One of the most popular stories at Yahoo! News on Monday featured Daisy Cuevas, the Peruvian girl who told Michelle Obama her mother was an illegal immigrant. In a story with no space for border-enforcers, AP reporter Carla Salazar relayed that the girl is famous in Peru, and Peru's president sounds just like Mexico's president in lecturing Arizona:
Daisy, meanwhile, has become a celebrity in Peru. "I'm really proud that a young girl of Peruvian origin is highlighting the enormous problem with Latin American immigration in the United States," President Alan Garcia told reporters last week.
He said it would be scandalous if her parents were deported. "Do you know how much President Obama and Mrs. Michelle Obama would stand to lose?" he said. Garcia called the Arizona law a "completely irrational response" to the illegal-immigration question, and said he would express his thoughts on the matter to President Obama during his visit to Washington.

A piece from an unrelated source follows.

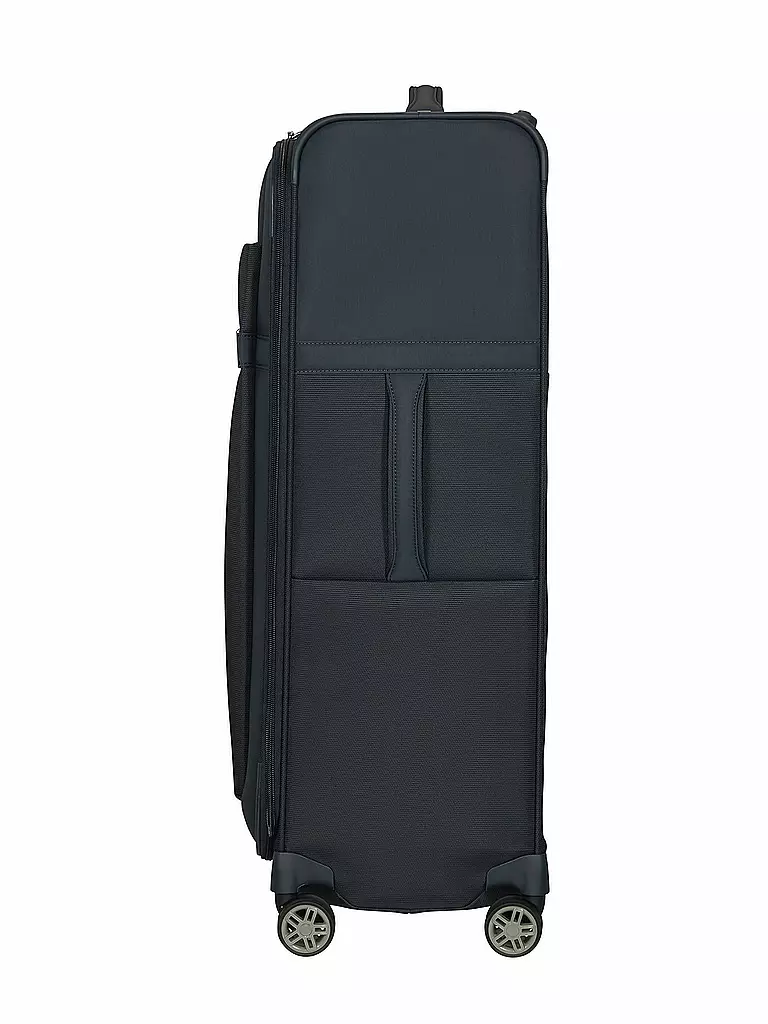 SAMSONITE | Trolley " Airea Spinner 78 EXP " ( dark blue ) | blau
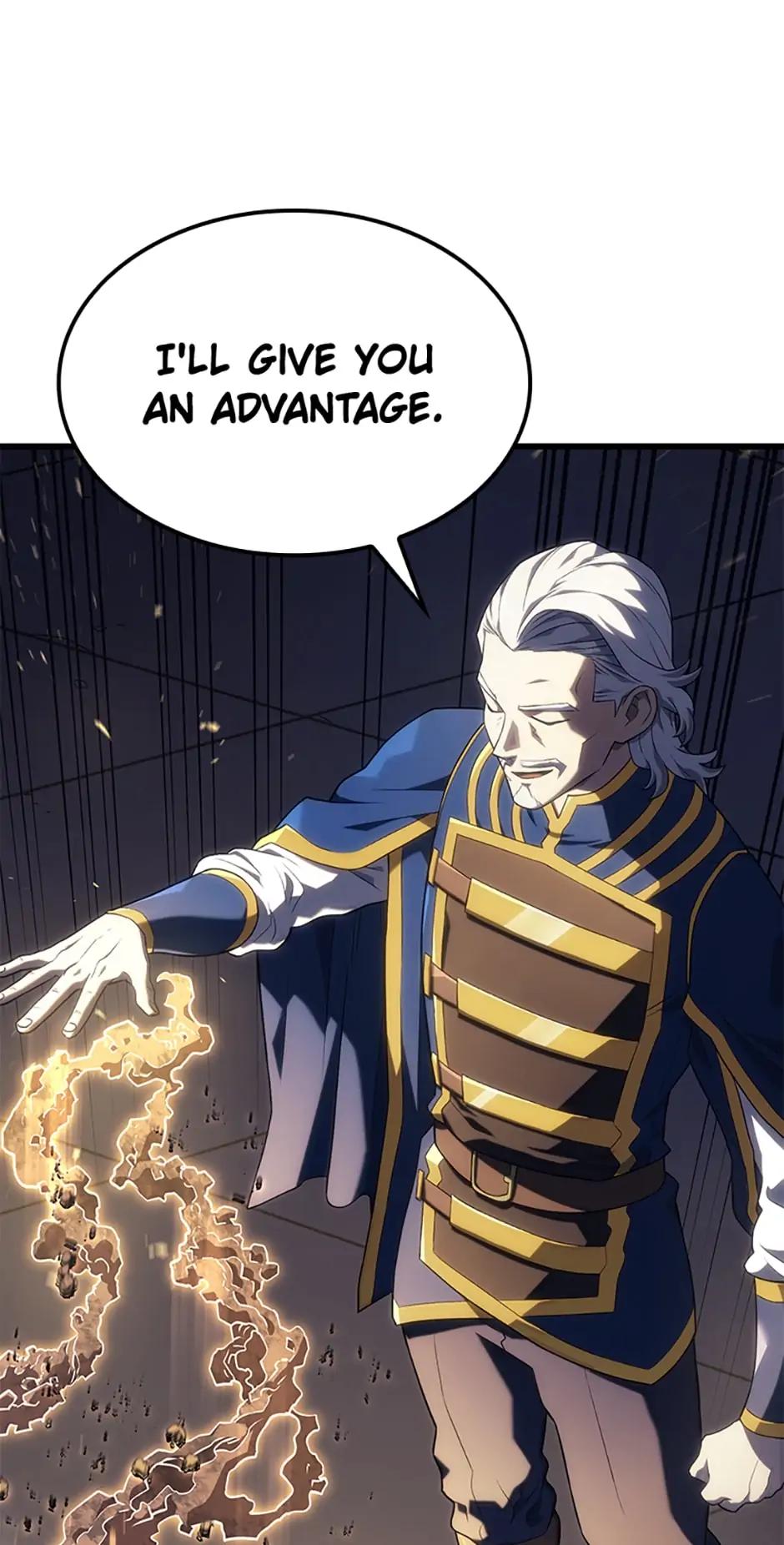 Revenge of the Baskerville Bloodhound Chapter 15 — page 42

Team Obama was very explicit that Daisy's family had nothing to fear from federal officials after the girl spilled the beans in a Silver Spring, Maryland grade school:
These are tense times for people like Daisy's mother, a maid who arrived in the United States with her carpenter husband when she was two months pregnant with Daisy.

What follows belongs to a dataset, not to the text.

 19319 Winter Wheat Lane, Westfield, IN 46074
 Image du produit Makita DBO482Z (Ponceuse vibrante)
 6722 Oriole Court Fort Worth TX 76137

Daisy's parents are fearful of U.S. anti-immigrant sentiment, which for many Latin Americans is epitomized by an Arizona law taking effect in July that gives police the right to demand ID papers of anyone suspected of being in the country illegally.
The U.S. Department of Homeland Security has said it is not pursuing Daisy's parents. Immigration investigations, it said in a statement, "are based on making sure the law is followed and not on a question-and-answer discussion in a classroom."
Nonetheless, Daisy's mother asked the AP after the May 19 incident not to name her or her husband.
The AP story ends on a sad note, on the daughter left behind in Peru:
While Daisy has automatic U.S. citizenship and lives full time with her parents, her 9-year-old sister, July, has not been so lucky. July was left behind with her grandparents when her parents moved to the United States to escape poverty.
The two sisters met for the first time last year when Daisy spent a month visiting her grandparents in the working-class San Juan de Lurigancho district of Lima.
But July misses her parents, who are unlikely to visit Peru because of their illegal status in the U.S. July has only seen them in photographs and in video chats with a webcam.
"She cries," [grandfather Genaro] Juica said.